### Task directions:
Repeat the listing exactly. The images do not belong in the copy.

BEGIN Raw data

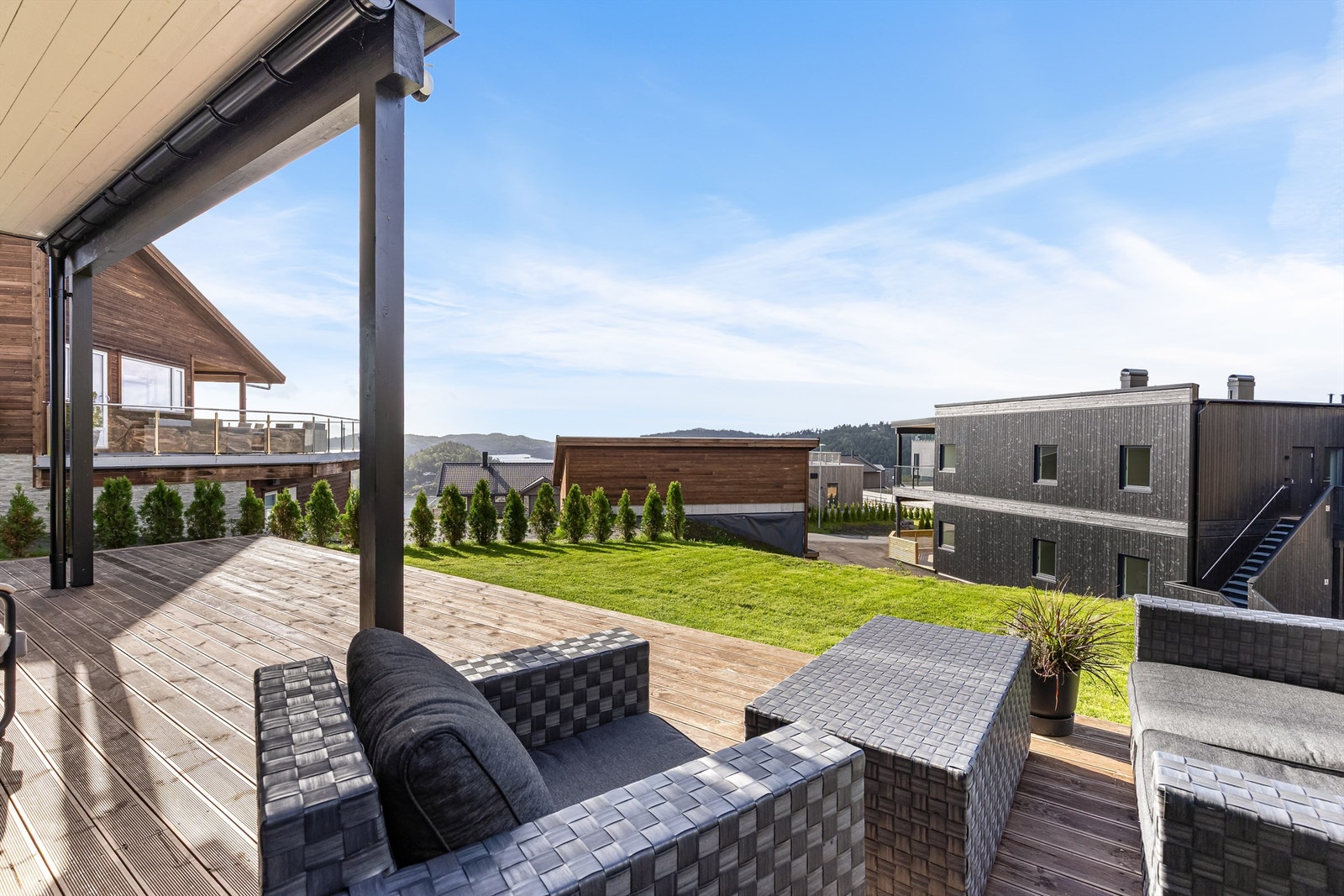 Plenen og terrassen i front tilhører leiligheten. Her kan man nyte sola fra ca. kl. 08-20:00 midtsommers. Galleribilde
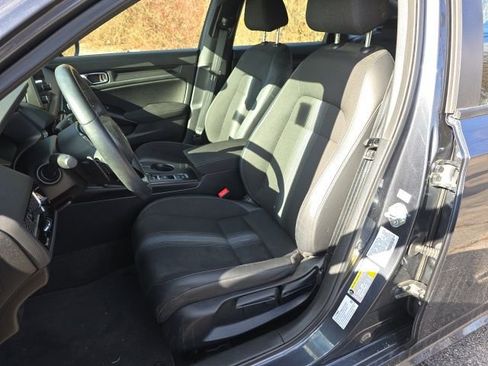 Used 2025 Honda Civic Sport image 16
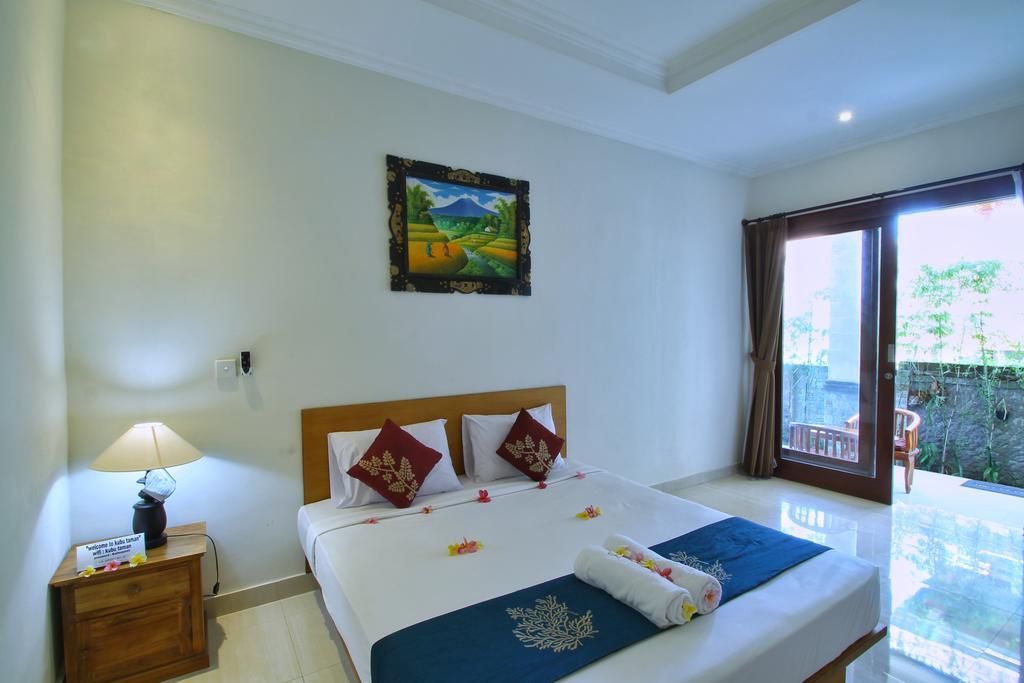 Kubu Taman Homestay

END Raw data

### Answer space:
 Plenen og terrassen i front tilhører leiligheten. Her kan man nyte sola fra ca. kl. 08-20:00 midtsommers. Galleribilde
 Used 2025 Honda Civic Sport image 16
 Kubu Taman Homestay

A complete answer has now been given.